Do you know what purslane is? Purslane is a medicinal plant that has been used for its medicinal properties since ancient times. Although many people consider it a weed as it grows anywhere, purslane is so much more than an undesirable plant.
Purslane has been used as a natural analgesic, antiparasitic, detoxifying, diuretic and anti-inflammatory remedy against numerous health problems. The plant is quickly regaining its popularity nowadays, and is one of the few plants that contains a lot of omega-3 fatty acids which are great for our health.

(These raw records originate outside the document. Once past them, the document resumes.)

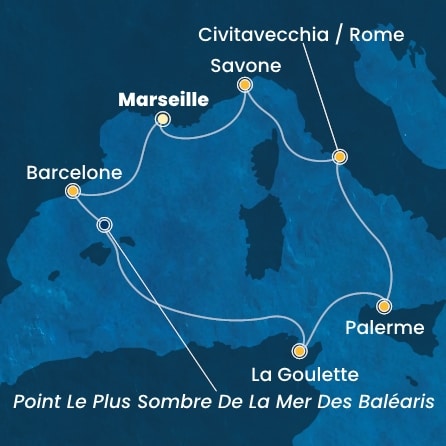 carte France, Espagne, Tunisie, Italie, 8 jours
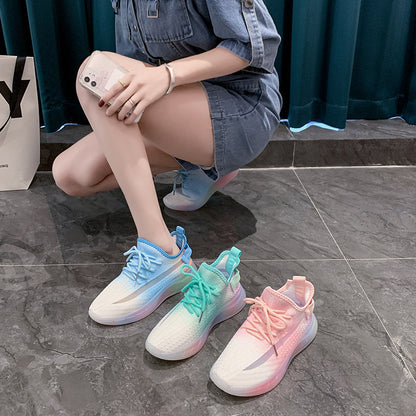 xakxx Rainbow Bottom Coconut Women's Fashionable Shoes Spring and Summer Breathable Sneaker Women's Light Running Shoes Gradient Flying Woven Shoes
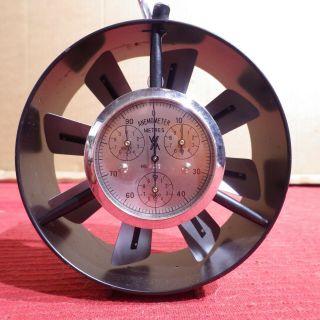 Vintage Anemometer W.  Leather Case And Reset Key,  Air Flow Gauge Wind Meter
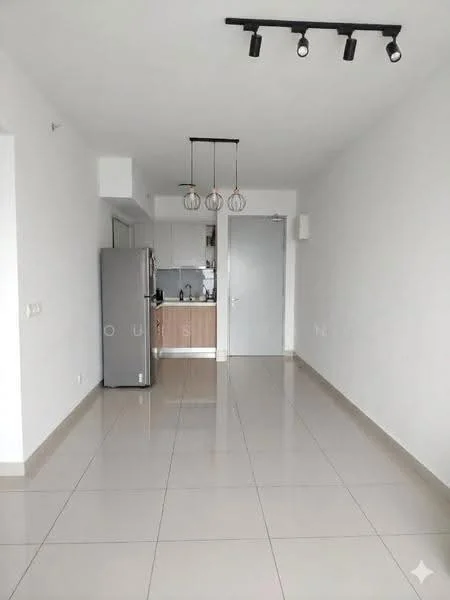 Living features: white painted walls, glossy ceramic tile flooring, recessed LED downlights, track lighting with three pendant lights, open layout, kitchen area visible, stainless-steel fridge, kitchen cabinetry in light wood finish, neutral color scheme, door leading to other rooms; style: modern.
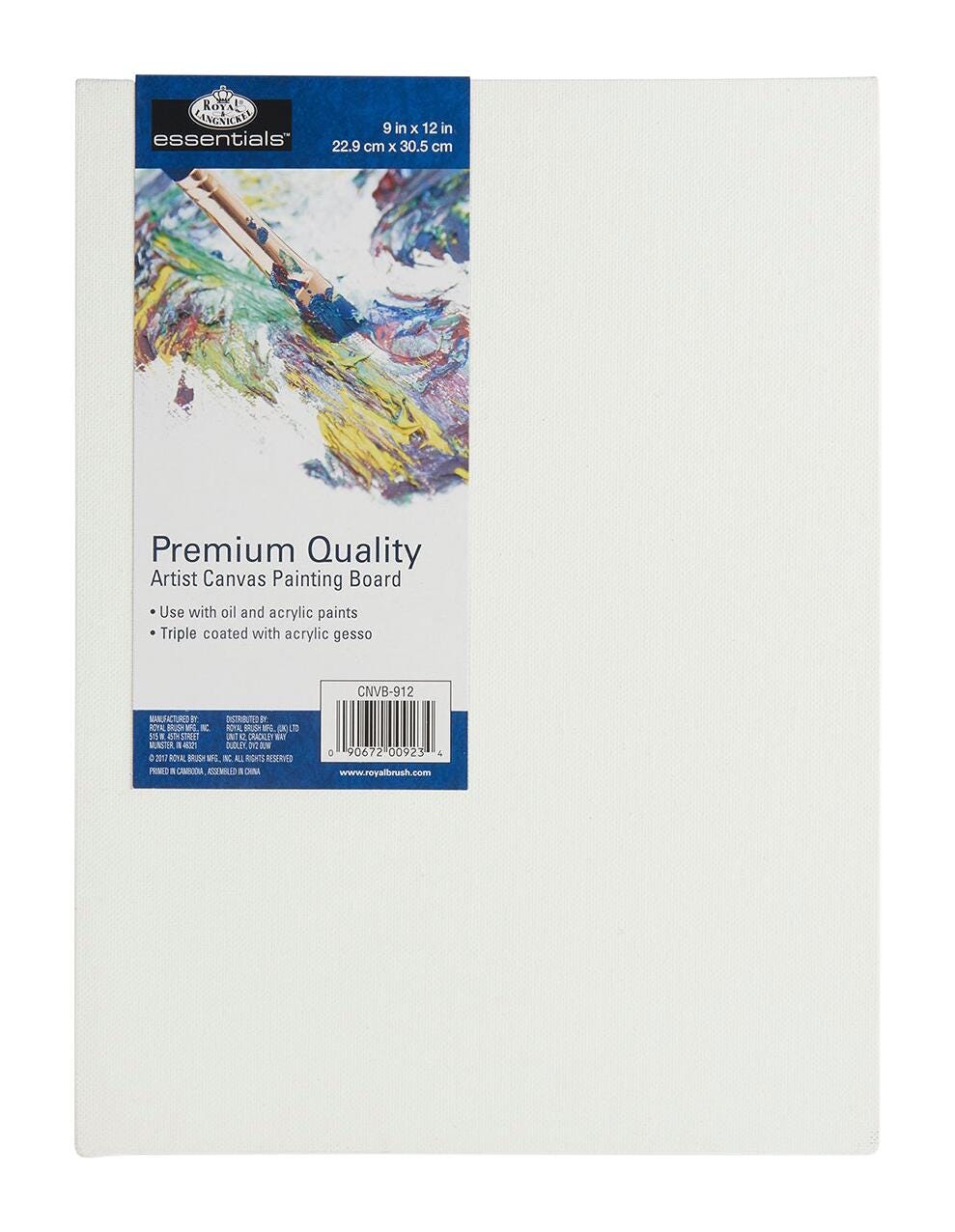 Image for Royal Brush Essentials Canvas Board, White, 9 Inches x 12 Inches from School Specialty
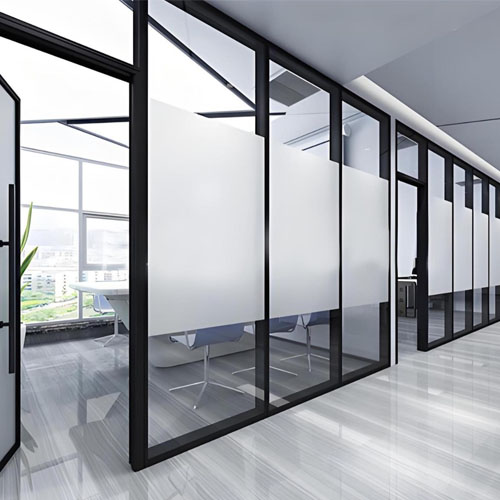 frosted glass office partition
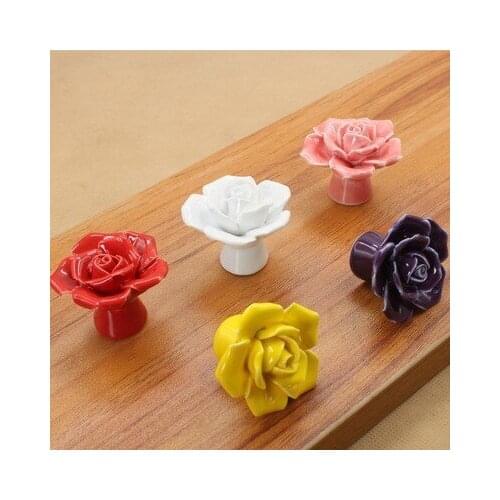 Ceramic Rose Flower Knob Drawer Pulls Handles Knob / Klichen Cabinet Pulls Handles Cupboard Knobs Handle Furniture Hardware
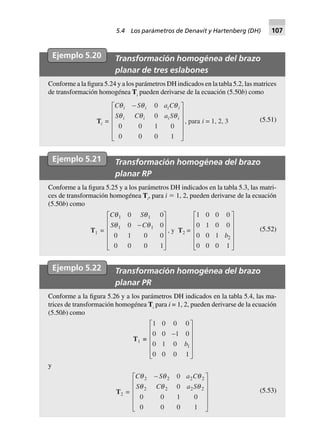 Ejemplo 5.20 Transformación homogénea del brazo
planar de tres eslabones
Conforme a la figura 5.24 y a los parámetros DH indicados en la tabla 5.2, las matrices
de transformación homogénea Ti
pueden derivarse de la ecuación (5.50b) como
Ti =
C S a C
S C a S
i i i i
i i i i
q q q
q q q
-L
N
MMMM
O
Q
PPPP
0
0
0 0 1 0
0 0 0 1
, para i = 1, 2, 3 (5.51)
Ejemplo 5.21 Transformación homogénea del brazo
planar RP
Conforme a la figura 5.25 y a los parámetros DH indicados en la tabla 5.3, las matri-
ces de transformación homogénea Ti
, para i ϭ 1, 2, pueden derivarse de la ecuación
(5.50b) como
T1 =
C S
S C
q q
q q
1 1
1 1
0 0
0 0
0 1 0 0
0 0 0 1
-
L
N
MMMM
O
Q
PPPP
, y T2 =
1 0 0 0
0 1 0 0
0 0 1
0 0 0 1
2b
L
N
MMMM
O
Q
PPPP
(5.52)
Ejemplo 5.22 Transformación homogénea del brazo
planar PR
Conforme a la figura 5.26 y a los parámetros DH indicados en la tabla 5.4, las ma-
trices de transformación homogénea Ti
para i = 1, 2, pueden derivarse de la ecuación
(5.50b) como
T1 =
1 0 0 0
0 0 1 0
0 1 0
0 0 0 1
1
-
L
N
MMMM
O
Q
PPPPb
y
T2 =
C S a C
S C a S
q q q
q q q
2 2 2 2
2 2 2 2
0
0
0 0 1 0
0 0 0 1
-L
N
MMMM
O
Q
PPPP
(5.53)
5.4 Los parámetros de Denavit y Hartenberg (DH) 107
 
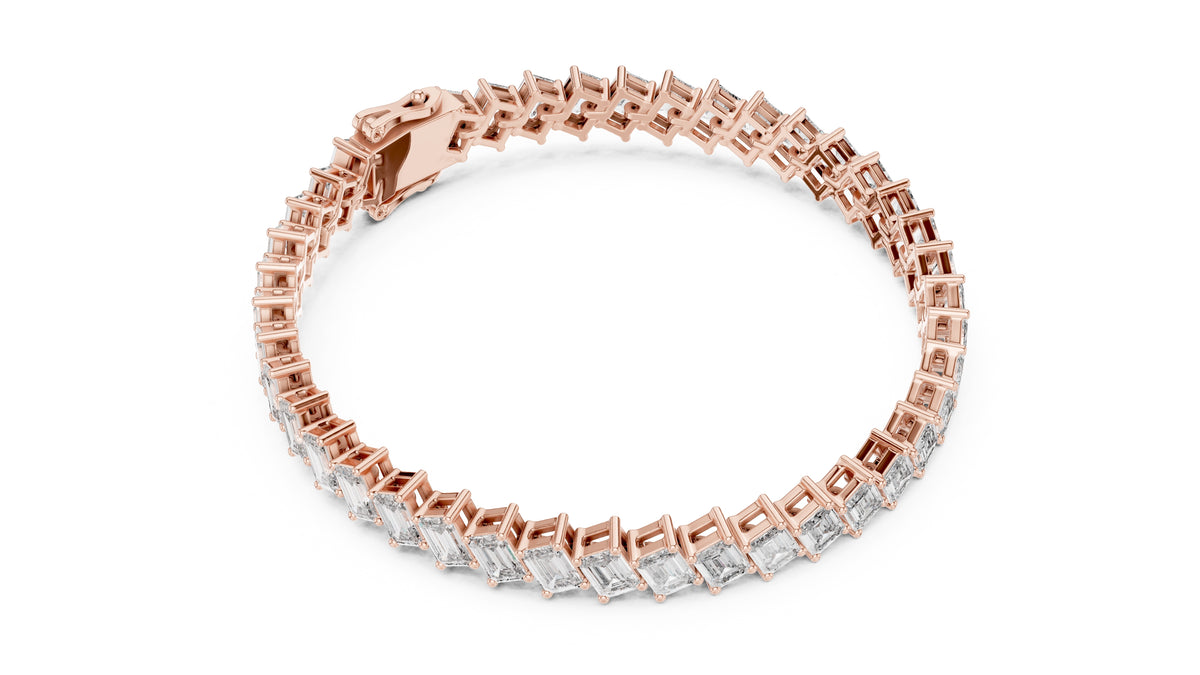 Diagonal Step-Cut Lab-Grown Tennis Bracelet Rose Gold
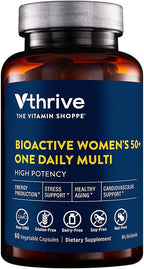 Vthrive BioActive Women 50+ Multivitamínico Diario para Mujeres +50, con Vitaminas y Minerales Esenciales, 60 Cápsulas Vegetarianas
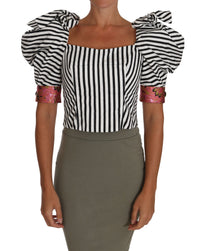 Thumbnail for White Black Striped Cropped Top Puff Sleeve Shirts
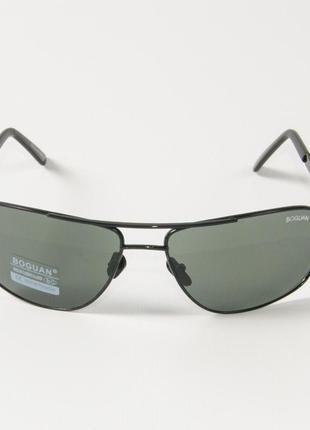 Сонцезахисні чоловічі прямокутні скляні окуляри 9993/1 з чорною оправою2 фото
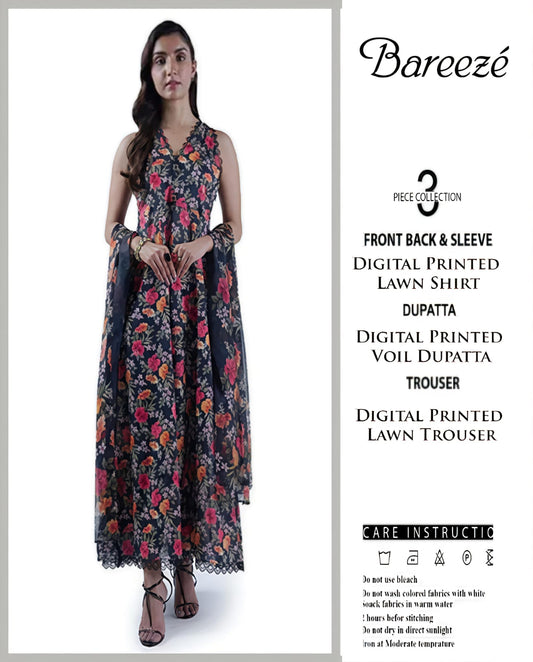 Bareeze Unstitched Lawn 90/70 Quality 3 Pieces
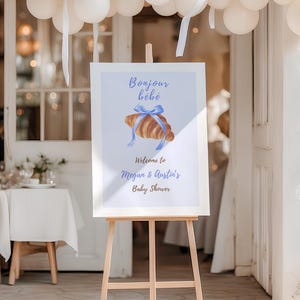 Bonjour Bébé Baby Shower Welcome Sign Printable, French Baby Shower Sign, Blue Welcome Poster, Croissant Baby Shower Decor, Editable Canva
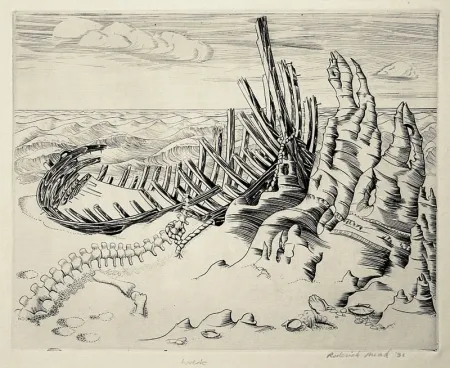 Engraving Mead - Wreck (Wreck on Shore; Wrecked Ship)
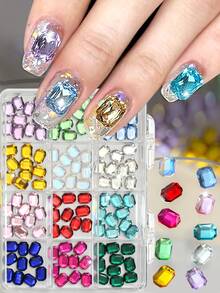 12 Grids 3D Colorful Square Crystal Diamond Nail Rhinestones Pink Blue Clear Flatback Stone Nail Gems Sparkle Charms Jewelry Nail Art Decoration - Multicolor - View 4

Thanks to the benefits it offers, you should never destroy purslane if you find it in your garden. The plant can be consumed raw or cooked and can be added to various meals. It is full of water and has a slightly salty taste that resembles watercress or fresh spinach. Purslane has a rich nutritional profile – it contains vitamins B1, B2 and B3, as well as copper and phosphorus. It is a great substitute for spinach or lettuce and as we already mentioned, can be added to various meals and salads. Today we’re going to give you a great purslane recipe that will allow you to enjoy this superfood in a new way.
Purslane in marinade
- A handful of purslane
- 3 garlic cloves
- A quart of ACV
- 10 pepper grains
Wash the plant well and chop it finely, then put it in a glass jar. Now, chop the garlic and add it together with the pepper grains, then pour the apple cider vinegar and close the jar tight. Store the remedy in the fridge for 2 weeks, and you can consume it afterwards.